Nick Hill, a well-liked Shropshire livestock dealer, was used to travelling around the local area, rocking up at cattle markets, going about his business. He habitually worked long hours, so to take the strain off his wife Marie, he would take his two strapping sons, Josh and Jonny with him. Over the years, it was his younger son, Jonny, who kept growing, and growing.
In those formative years, living in the countryside just outside Ludlow, if they weren’t huntin’, shootin’ and fishin’, the Hill boys could be a handful, so the reasoned thinking was that by sticking with dad, it meant staying out of mischief. The truth, sadly, for Hill Snr, was that high-jinks were never far away.
Looking like an overgrown schoolboy on Zoom at the Lensbury – England’s base for the Six Nations – Jonny Hill recounts his less-than-angelic behaviour in what sounds, on the outside at least, like a bucolic childhood.
“I spent a lot of my youth hanging around cattle markets. Invariably, we’d end up sniffing around the canteen. We used to get up to all sorts,” he says, with a glint in his eye. “One day we went off to Worcester market and dad didn’t have any cash on him so he said, ‘boys, put anything you eat on the tab’. He came back a few hours later and we’d eaten £75 worth of grub, which is quite impressive at a market eatery. He wasn’t best pleased.”
With their father routinely packing up the 4×4 and heading off to work with the two young miscreants in tow, the boys entertained themselves. “Dad would have to focus on buying cattle, so we’d disappear and buy £50 worth of chickens and ducks. He’d have his head in his hands and say, ‘what are you guys doing?’, while we cackled away.”

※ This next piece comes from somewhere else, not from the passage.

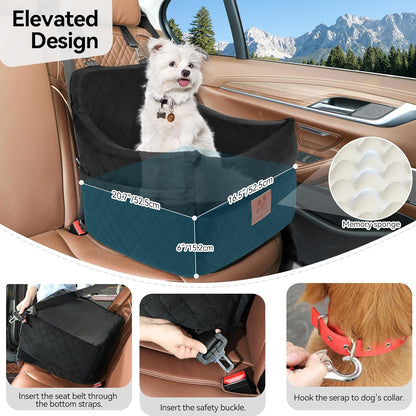 Dog Car Seat for Small/Medium Dogs, Dog Booster Car Seats with Thick Cushion for Dogs Under 35lbs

Hill recalls these escapades with a naughty grin, and a softly-spoken Shropshire burr. Nowadays, it’s opposition rucks and mauls where he causes mayhem with his long levers spoiling ball at any opportunity. With an enormous wingspan that befits his rangy 6ft 7in frame, caterpillar rucks are required to stop him charging down nervous scrum-halves. As one of Exeter’s bovver boys-in-Chief, he is no shrinking violet.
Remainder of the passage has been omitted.